Les Forces armées canadiennes doivent savoir qu’ils sont dirigées par des leaders responsables ce qui suppose un ministre de la Défense nationale responsable.  En trompant la Chambre des communes sur les opérations de l’unité FOI2, le ministre a banalisé les préoccupations et les intérêts des forces armées canadiennes qui défendent les intérêts de notre pays lors de missions guerrières et de maintien de la paix.  Les hommes et les femmes qui composent nos forces méritent un leader en qui ils peuvent avoir confiance; un leader qui saura transmettre toute l’information vitale au sujet de leurs activités et missions.  Le ministre a induit la Chambre en erreur, a fait preuve de mépris et a manqué de respect à l’égard de la Chambre en ne rectifiant pas immédiatement la situation en Chambre comme d’autres ministres l’ont fait par le passé lorsqu’ils ont induit en erreur la Chambre.8   Il appartient au Comité de veiller au respect de la dignité de la Chambre et des règles et traditions qui y sont suivies.  Tout au long de l’histoire du Parlement, les députés fédéraux ont montré leur respect et révérence à cette institution en corrigeant et rectifiant des déclarations faites à la Chambre.  Il appartient au Comité d’assurer le respect de cette tradition parlementaire et de ne laisser personne porter atteinte à nos valeurs collectives.

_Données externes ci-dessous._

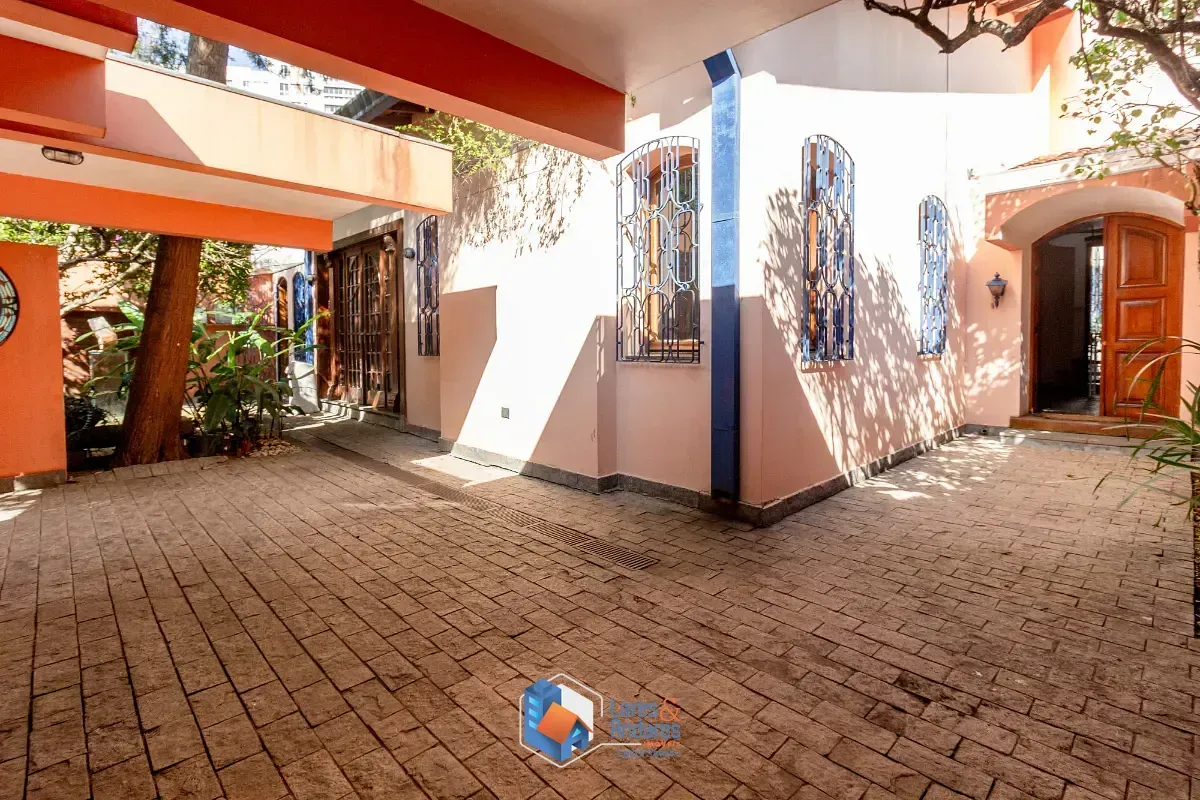 Imagem Sobrado para venda em Sumaré com 3 quartos, sendo 3 suítes, 280m²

Les combats en Afghanistan s’intensifient depuis quelques semaines.  Les Forces armées canadiennes doivent pouvoir compter sur un ministre qui fera preuve de leadership et sera en mesure de prendre des décisions difficiles concernant les actions de nos troupes.  À la lumière des renseignements disponibles, le Nouveau Parti démocratique recommande dans les termes les plus clairs que le Comité présente un rapport à la Chambre des communes demandant qu’il soit reconnu que le ministre de la Défense a fait preuve de mépris et de manque de respect à l’égard du Parlement.

 



1 Hansard, 30 janvier 2002, Période des questions

2 Renseignements provenant du Comité, 46, le 19 février 2002, témoin : ministre de la Défense nationale, l’honorable Art Eggleton.

3 Renseignements provenant du Comité, 47, le 21 février 2002, témoin : sous-chef d’état-major de la Défense, vice-amiral Greg Maddison

4 Renseignements provenant du Comité, 52, le 25 février 2002, témoin : Jim Wright, sous-ministre adjoint des Affaires étrangères.  Ce n’est pas avant le 7 février 2002 que le Président des États-Unis ait émis une déclaration à l’effet que son pays respecterait la Convention de Genève.  Le gouvernement canadien l’a accepté.

5 Renseignements provenant du Comité, 47, le 21 février 2002, sous-chef d’état-major de la Défense, vice-amiral Greg Maddison

6 Renseignements provenant du Comité, 46, le 19 février 2002, témoin : ministre de la Défense nationale, l’honorable Art Eggleton

7 Hansard, le 31 janvier 2002

8 Hansard, le 7 février 2001, Herb Gray s’est levé en Chambre et a corrigé une déclaration qu’il avait faite plus tôt durant la Période des questions au sujet de documents envoyés aux autorités russes concernant un diplomate russe accusé de conduite en état d’ébriété et d’homicide involontaire.